The Prospectors and Developers Association of Canada has undergone two major leadership changes on its executive branch in the span seven months.  Scott Jobin-Bevans relinquishes his role as president after serving out his specified two-year term, with Glenn Nolan officially taking the reins for the next two years following the International Convention, Trade Show & Investors Exchange, held in Toronto during the first week in March.  Of note, Nolan becomes the first Aboriginal to hold the high-profile position. The other big change took place last August 15, when Ross Gallinger took over as executive director when Tony Andrews stepped down after an incredible 25 years of service.

PDAC has been representing the interests of our national mineral exploration and development industry for the past eight decades, forming in 1932.  The association first came about in response to proposed government legislation that was seen as divisive to prospectors.  It has grown tremendously from those early years and its expansion continues to this very day. 
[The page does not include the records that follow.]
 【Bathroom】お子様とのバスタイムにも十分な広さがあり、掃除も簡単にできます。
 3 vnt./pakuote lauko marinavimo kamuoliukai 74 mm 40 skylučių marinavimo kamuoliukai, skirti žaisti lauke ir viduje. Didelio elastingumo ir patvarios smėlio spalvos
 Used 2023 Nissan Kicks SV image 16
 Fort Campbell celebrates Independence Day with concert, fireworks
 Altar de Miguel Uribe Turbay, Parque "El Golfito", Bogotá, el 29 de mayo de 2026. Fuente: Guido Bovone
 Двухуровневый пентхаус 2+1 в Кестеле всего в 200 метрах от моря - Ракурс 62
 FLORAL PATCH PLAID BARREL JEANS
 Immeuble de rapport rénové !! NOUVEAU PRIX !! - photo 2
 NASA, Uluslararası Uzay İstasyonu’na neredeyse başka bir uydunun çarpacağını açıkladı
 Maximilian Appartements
The national organization has almost 7,700 individual members including: prospectors, developers, geoscientists, consultants, mining executives, and students, as well as those involved in the drilling, financial, investment, legal and other peripherally-related support fields.  There are almost 1,100 corporate members, including senior, mid-size and junior mining companies and organizations providing services to the mineral industry. PDAC has a staff of 22 working out of its main office in Toronto.  

What has been noticeable is the tremendous proliferation in the convention’s international presence.  This notable cultivation is especially true for the likes of countries from Latin America, China and India.  The end result has been a greater number of international-style programs and services being offered in order to better accommodate those delegates in attendance, including many government representatives.  According to a report generated by the Ontario Ministry of Tourism and Culture, the Prospectors and Developers Association of Canada’s annual convention contributed almost $72 million to Toronto’s economy in 2011.
One of the primary goals of the PDAC is to provide its members with the resources to achieve success in their daily activities.  PDAC stresses that in order to continue the advancement of the industry as a while, its members need to encourage greater participation from the communities they work with, which includes: increased business, training and employment opportunities for those living there.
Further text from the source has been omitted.